- What is expected
Tell how many lines in these records contain the string "durante", with only the number as the reply.

(Stored entries)
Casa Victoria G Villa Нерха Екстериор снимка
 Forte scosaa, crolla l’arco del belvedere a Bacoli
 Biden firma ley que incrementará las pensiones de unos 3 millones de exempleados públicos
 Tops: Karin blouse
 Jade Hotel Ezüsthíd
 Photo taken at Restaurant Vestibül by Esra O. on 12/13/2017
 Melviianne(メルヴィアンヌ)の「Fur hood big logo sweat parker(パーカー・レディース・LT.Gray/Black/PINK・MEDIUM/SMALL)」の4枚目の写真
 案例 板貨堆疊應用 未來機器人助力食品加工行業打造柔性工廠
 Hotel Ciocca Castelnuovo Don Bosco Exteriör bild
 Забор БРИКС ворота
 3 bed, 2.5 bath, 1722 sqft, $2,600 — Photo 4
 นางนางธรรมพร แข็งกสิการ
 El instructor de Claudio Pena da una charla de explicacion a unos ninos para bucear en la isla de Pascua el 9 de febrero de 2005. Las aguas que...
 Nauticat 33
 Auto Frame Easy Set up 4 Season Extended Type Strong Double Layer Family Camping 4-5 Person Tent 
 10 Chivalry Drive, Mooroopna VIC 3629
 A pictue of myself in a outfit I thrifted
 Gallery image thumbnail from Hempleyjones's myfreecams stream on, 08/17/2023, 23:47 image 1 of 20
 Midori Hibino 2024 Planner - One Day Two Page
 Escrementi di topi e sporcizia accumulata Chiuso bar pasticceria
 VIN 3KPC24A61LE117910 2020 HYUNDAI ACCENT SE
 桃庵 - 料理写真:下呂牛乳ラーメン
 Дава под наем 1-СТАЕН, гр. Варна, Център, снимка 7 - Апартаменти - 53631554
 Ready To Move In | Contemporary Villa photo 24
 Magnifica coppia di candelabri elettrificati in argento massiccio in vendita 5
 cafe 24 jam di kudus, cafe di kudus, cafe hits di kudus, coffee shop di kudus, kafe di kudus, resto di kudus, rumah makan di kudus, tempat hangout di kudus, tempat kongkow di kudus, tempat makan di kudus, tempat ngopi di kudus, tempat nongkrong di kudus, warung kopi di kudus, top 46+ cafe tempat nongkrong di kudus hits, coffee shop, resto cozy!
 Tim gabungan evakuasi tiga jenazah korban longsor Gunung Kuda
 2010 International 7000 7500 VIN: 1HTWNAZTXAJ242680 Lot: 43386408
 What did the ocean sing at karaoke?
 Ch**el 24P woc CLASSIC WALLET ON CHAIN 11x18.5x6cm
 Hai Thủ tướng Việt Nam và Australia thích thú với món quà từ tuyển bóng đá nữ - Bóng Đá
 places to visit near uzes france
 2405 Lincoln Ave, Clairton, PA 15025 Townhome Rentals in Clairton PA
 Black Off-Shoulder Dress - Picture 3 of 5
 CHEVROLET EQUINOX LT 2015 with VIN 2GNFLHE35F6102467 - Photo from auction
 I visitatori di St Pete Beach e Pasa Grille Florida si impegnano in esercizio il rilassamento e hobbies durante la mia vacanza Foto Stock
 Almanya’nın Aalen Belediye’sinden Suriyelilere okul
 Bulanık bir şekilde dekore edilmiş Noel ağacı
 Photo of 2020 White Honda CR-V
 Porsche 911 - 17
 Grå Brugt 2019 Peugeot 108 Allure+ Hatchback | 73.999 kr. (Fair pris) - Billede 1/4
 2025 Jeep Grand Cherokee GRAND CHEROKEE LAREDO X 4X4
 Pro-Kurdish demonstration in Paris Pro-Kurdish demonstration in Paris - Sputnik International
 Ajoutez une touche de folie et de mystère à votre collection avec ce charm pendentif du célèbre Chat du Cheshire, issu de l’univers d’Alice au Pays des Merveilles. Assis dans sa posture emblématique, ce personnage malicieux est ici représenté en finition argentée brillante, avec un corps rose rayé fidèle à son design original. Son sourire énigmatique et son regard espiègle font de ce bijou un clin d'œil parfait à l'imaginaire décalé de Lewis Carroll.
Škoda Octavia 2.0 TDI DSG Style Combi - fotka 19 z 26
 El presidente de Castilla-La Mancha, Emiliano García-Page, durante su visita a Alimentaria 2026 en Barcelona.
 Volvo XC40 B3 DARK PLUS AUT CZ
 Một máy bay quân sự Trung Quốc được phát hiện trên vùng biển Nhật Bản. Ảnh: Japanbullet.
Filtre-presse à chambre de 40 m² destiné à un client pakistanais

- Response to the task
2